Плач кукушки

Василий Григорьев
               



              Мишка Качаргин вернулся в Копыловку в пору, когда душистая сладкая ягода земляника мажет рот и щёки розовым липким соком, и запивать её вкусно свежим остывшим молоком из глиняной кринки, а палящее солнце, к полудню щурясь, гонит весёлую загоревшую детвору на длинную песчаную косу, в прохладную воду Ишима, туда, где ниже по течению у старого зимнего извоза в густых сонных зарослях ивняка, разливая печаль на окрестность, словно жалея о чём-то утраченном, канувшем глубоко в прошлое, плакала кукушка…
    
     В шестидесятом году, когда Мишку кружила и будоражила неясными томительными желаниями девятнадцатая весна, он выждал и в грозовую дождливую ночь угнал лютого жеребца, чёрного, как бродяжья доля, красавца Бурана у председателя соседнего Зареченского колхоза Лукина, гулявшего той ночью в Копыловке у сдобной зазнобы, молодой и бездетной вдовы Тоськи Хромовой. А уздечку – дар, память Лукина об отце – уздечку-мечту: с шорами, с бахромой, с посеребрёнными звёздочками и вплетёнными косичками – Мишка оставил на коновязи под навесом у сарая.
     Бывало Лукин – лихой, крепкий мужик - припадая к блестящей расчёсанной гриве, пружиня в стременах, вздыбливал танцующего Бурана и, гордясь, похвалялся в глаза восхищённым зрителям: "Этот чудо-зверь покорен только мне да Змею Горынычу", - и, ослабевая удила, пускал Бурана вскачь, оставляя след дорожной пылью…
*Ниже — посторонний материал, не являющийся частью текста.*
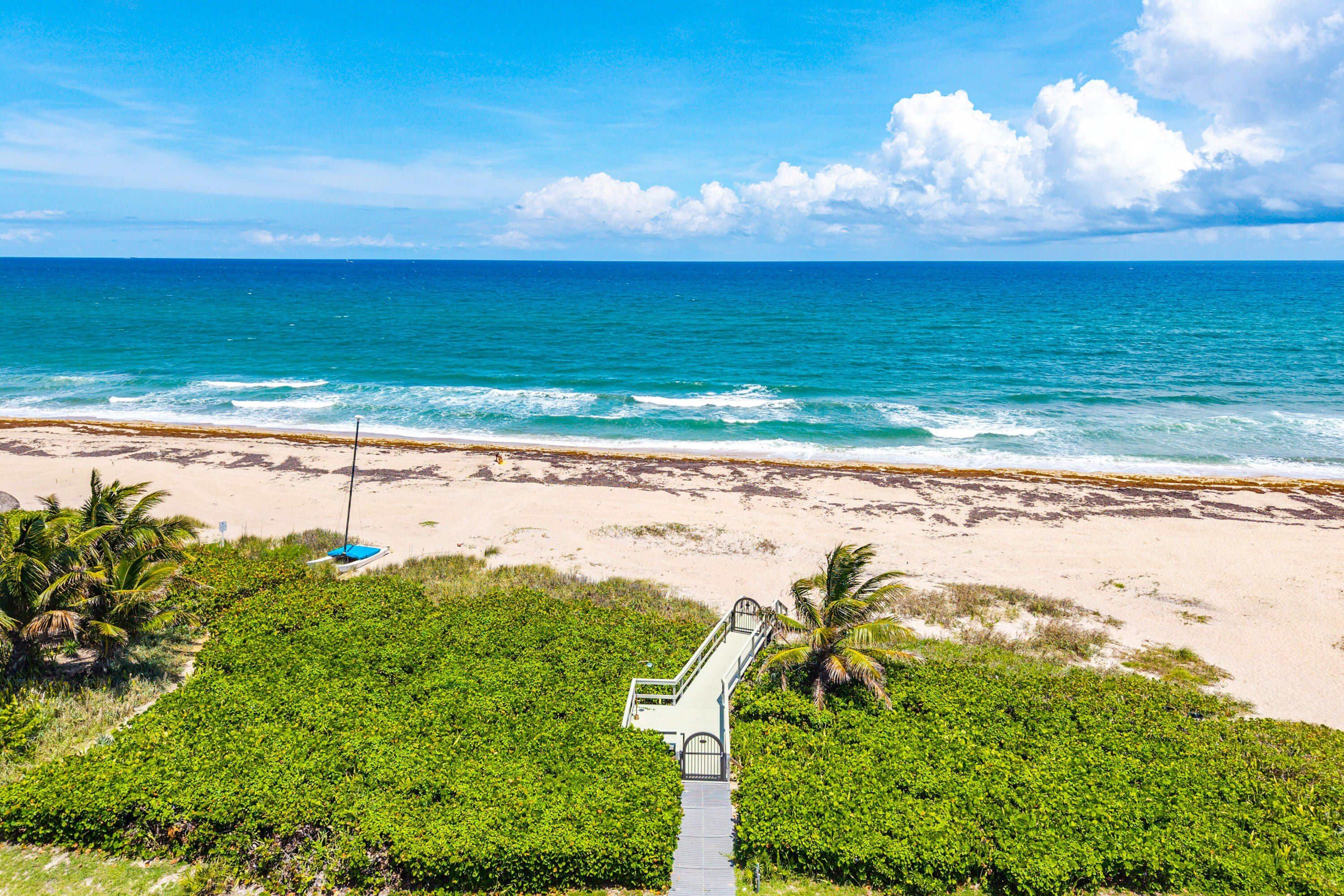 11505 Old Ocean Boulevard. Ocean Ridge, FL 33435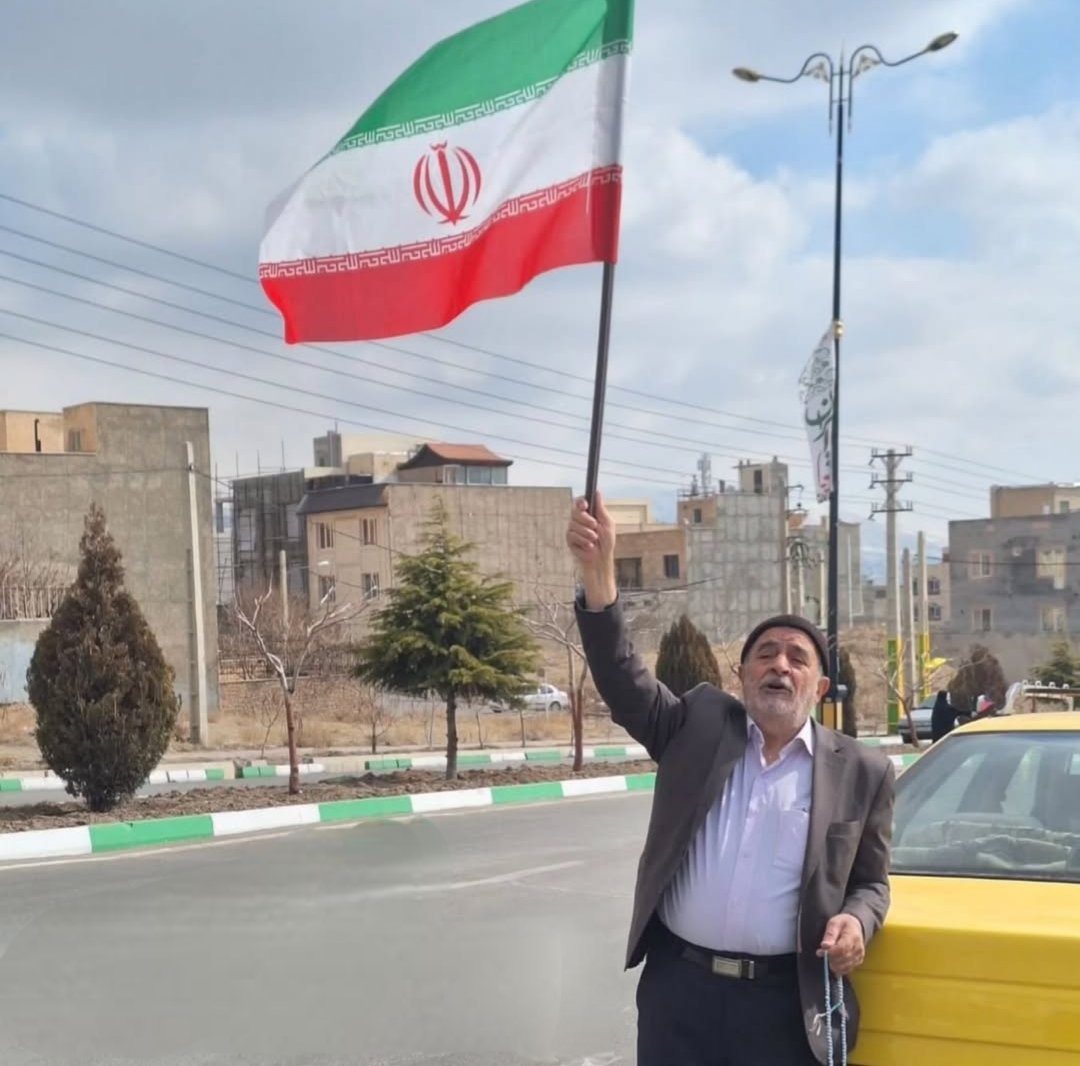 Pouri2022's tweet image. زوال عقلی یعنی، بنز و کادیلاک زیر پات رو آتیش بزنی و الان راننده تاکسی بشی و برای در آوردن خرج و مخارج توله سگ‌هات پرچم خایه‌مالی رو وسط خیابون بکشی بیرون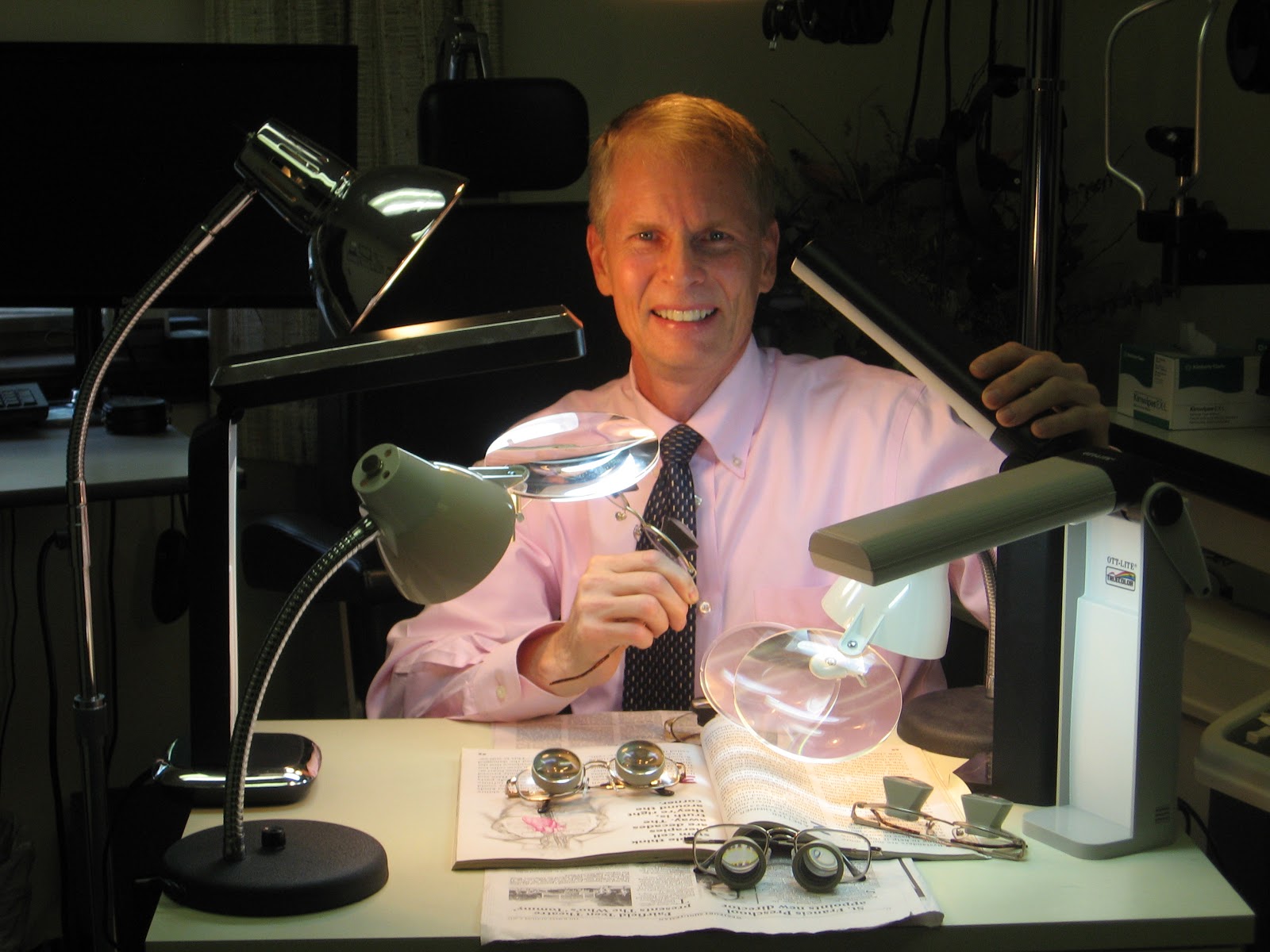 Low Vision Eyeglasses Lighting for Macular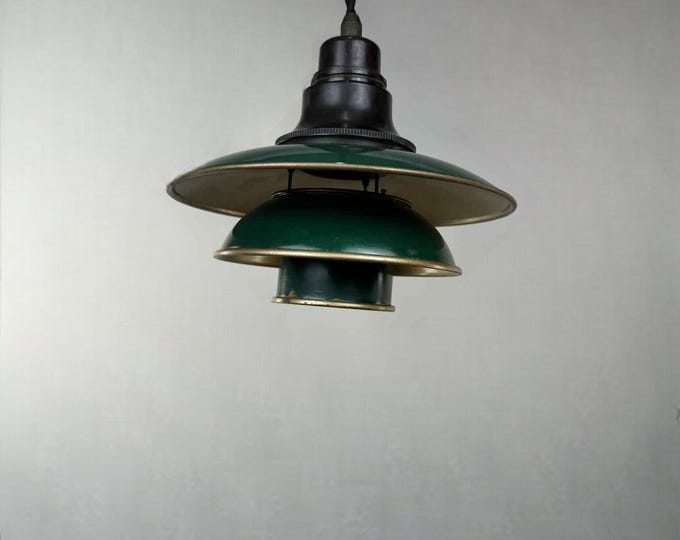 Poul Henningsen PH-2/2 lamp, stamped “PATENTED PH-2”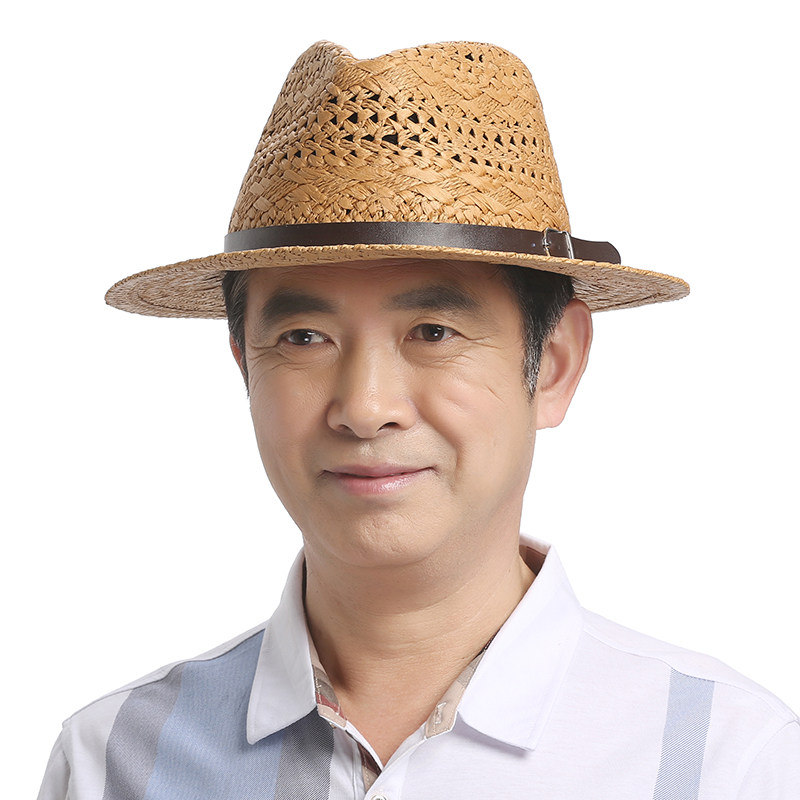 草帽中年老人爸爸手工编织帽子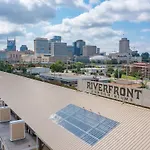 Apartment Walk To Broadway Riverfront With Pool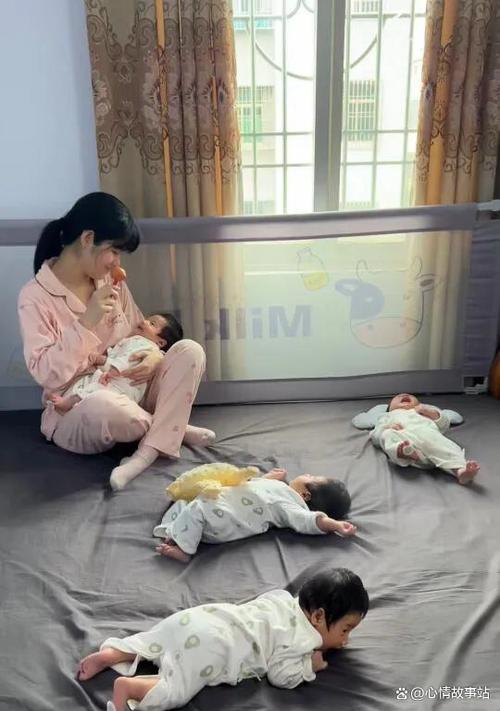 女主胎穿婴儿全家宠图标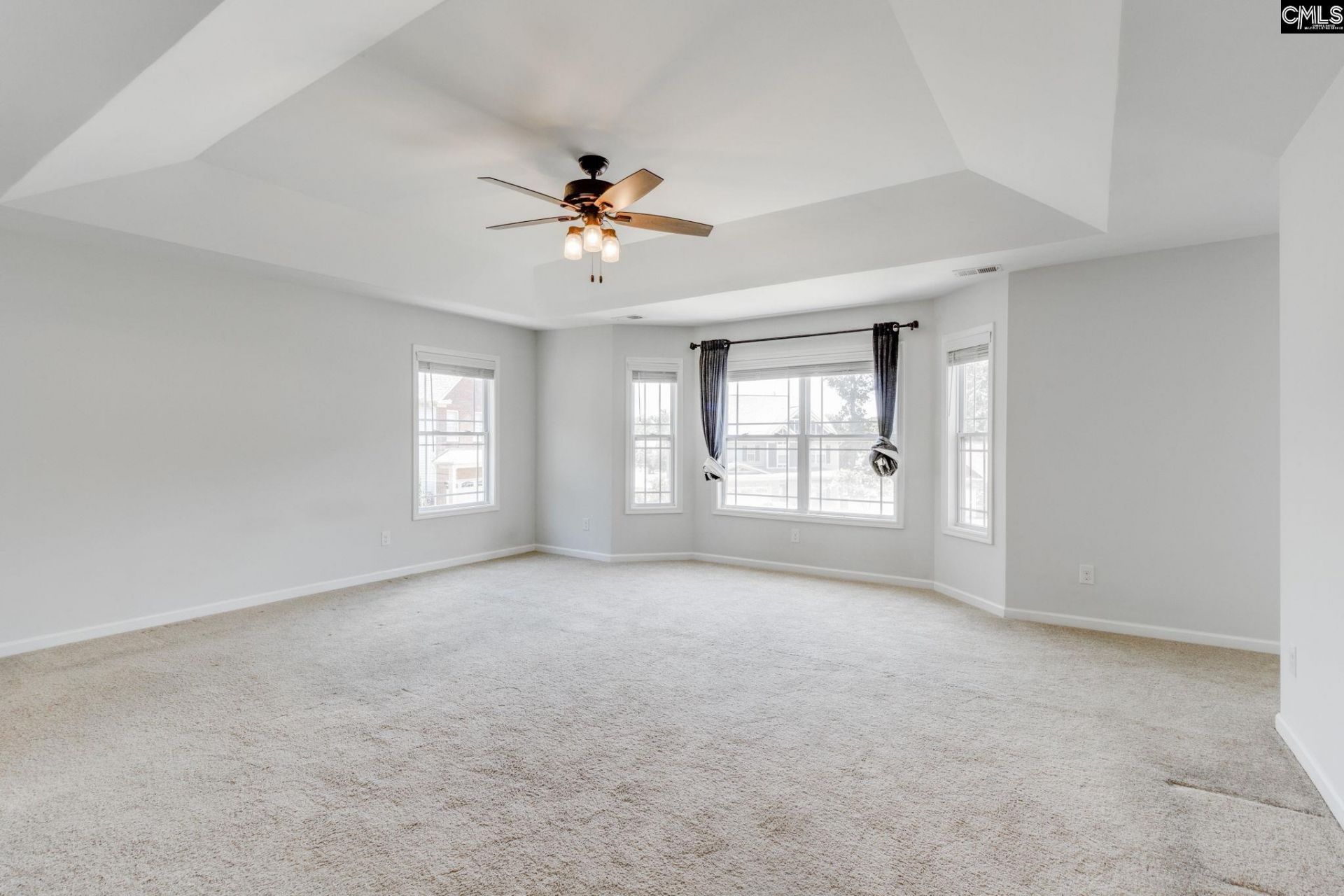 377 Glen Dornoch Way  Photo 17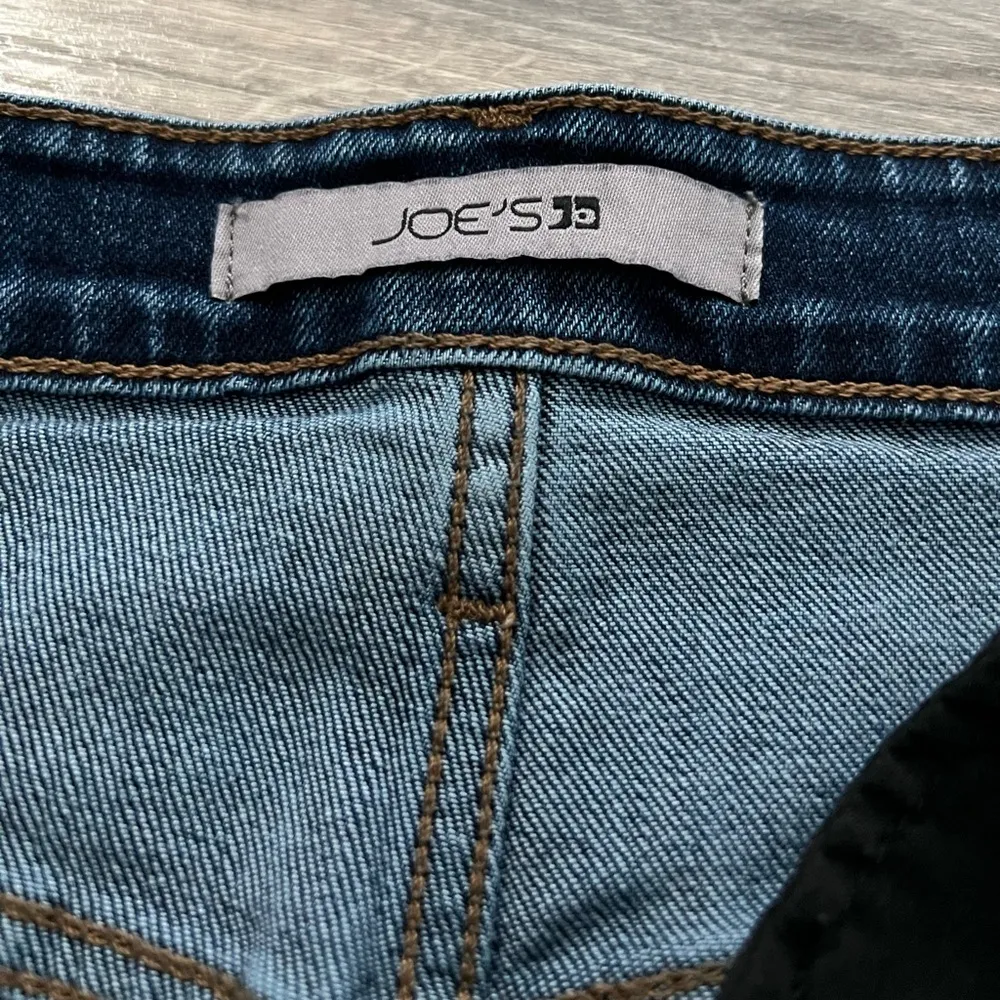 Joe’s Jeans Niki Distressed Boyfriend Jeans in Inglewood Wash | 28 - Image 8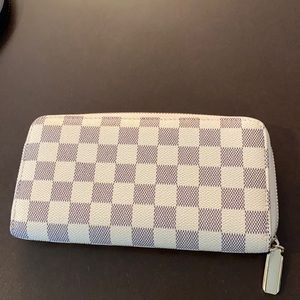 Daisy Rose Checkered Wallet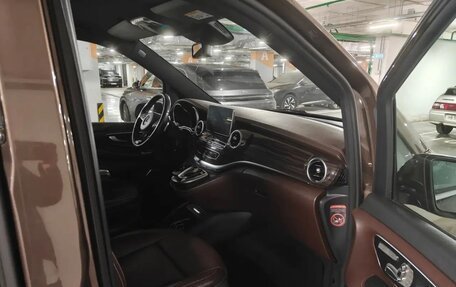 Mercedes-Benz V-Класс, 2015 год, 3 250 000 рублей, 2 фотография
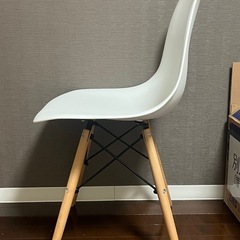 椅子 ダイニングチェア シェルチェア  の画像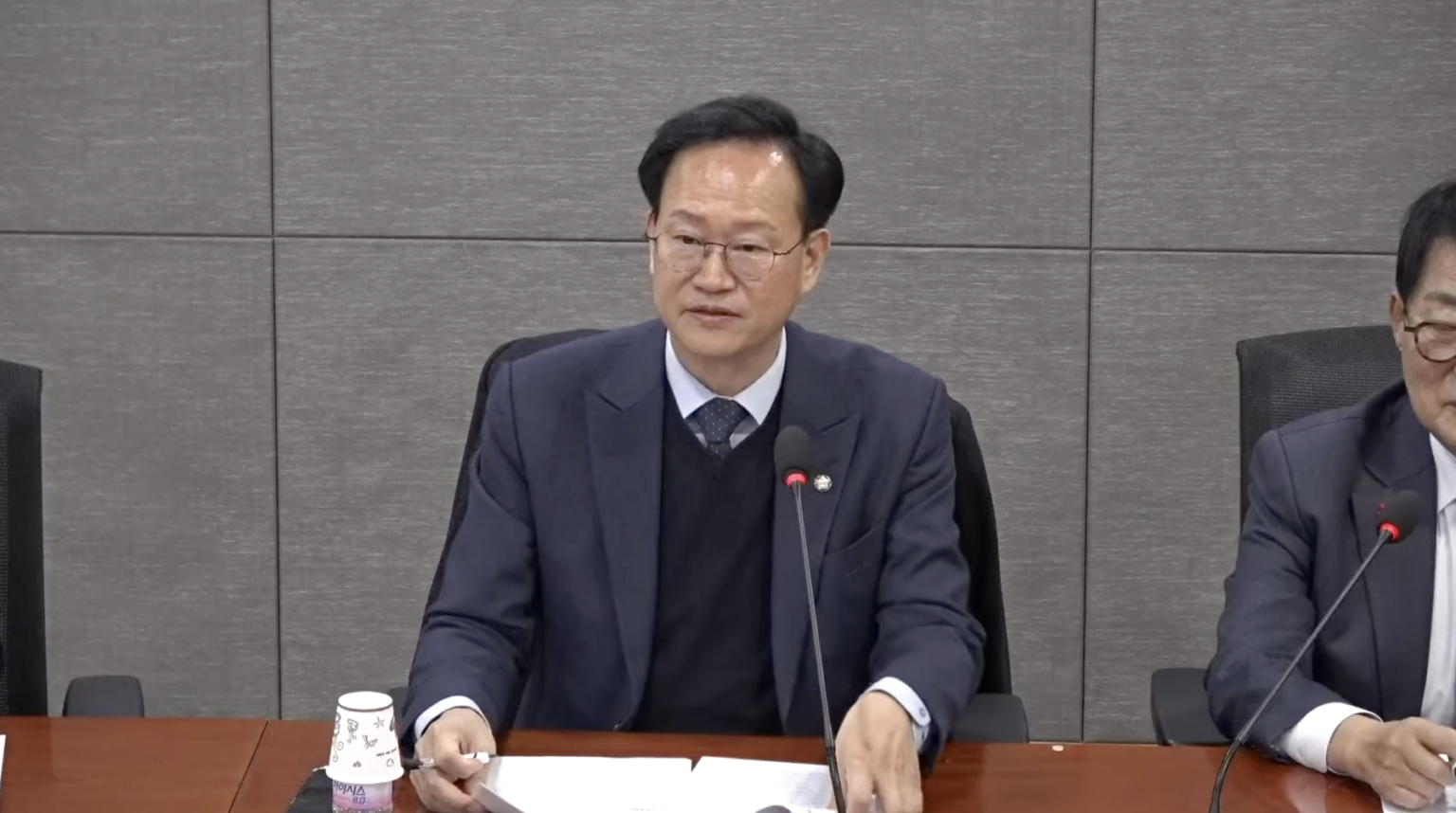 Ruling party launches new committee to support North Korean defectors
     Мишка вплавь на Буране переплавился через Ишим и умчался в степь. А через неделю, как ни в чём не бывало, заявился под утро домой, где его и взяли под слёзы и причитания матери. Сначала спрашивали по-хорошему: "Куда дел Бурана?" Просили: "Верни!" Просил и Лукин, и, как уже язвили в Копыловке, гарцевавший теперь "как Чапаев", на серой порывистой и шаловливой, как Тоська Хромова, кобыле Чайке. Мишка, не пряча зелёных глаз, мотая палевым чубом, поплёл словесные кружева:
     - День я провёл в степи у Баджайской балки. Место открытое – кто искать станет? Обсох. Гроза-то посветлу кончилась. А в сумерках…
     - Ты что же целый день с него не слазил?! Там же привязать не за что, - перебил Мишку Лукин.
     - Зачем не слазил? Слазил. Расседлал, удила отстегнул...
     - А как же ты его держал? За поводья или стреножил?
     - Зачем поводья? Зачем стреножить? Отпустил, пускай пасётся. Куда денется? Я секрет знаю!
     - Какой?
     Мишка улыбнулся и посмотрел в глаза Лукину:
     - Секрет? А я уздечку-то когда менял, на ухо ему так ласково прошептал: "Братишка я младший Змею Горынычу – Соловей Разбойник". И, представляешь, дорогой товарищ Лукин, признал он меня, сдружились.
     Присутствующие захохотали: знали слабость Лукина покрасоваться да побахвалиться.
     - Ты что, гад, измываешься?! – возмутился, бледнея, Лукин.
     - Да подожди ты, не горячись, найдём твоего Бурана, - вмешался лейтенант Кравцов. – А ты, Качаргин, давай без шуточек, а то по-другому говорить будем, враз скалиться перестанешь.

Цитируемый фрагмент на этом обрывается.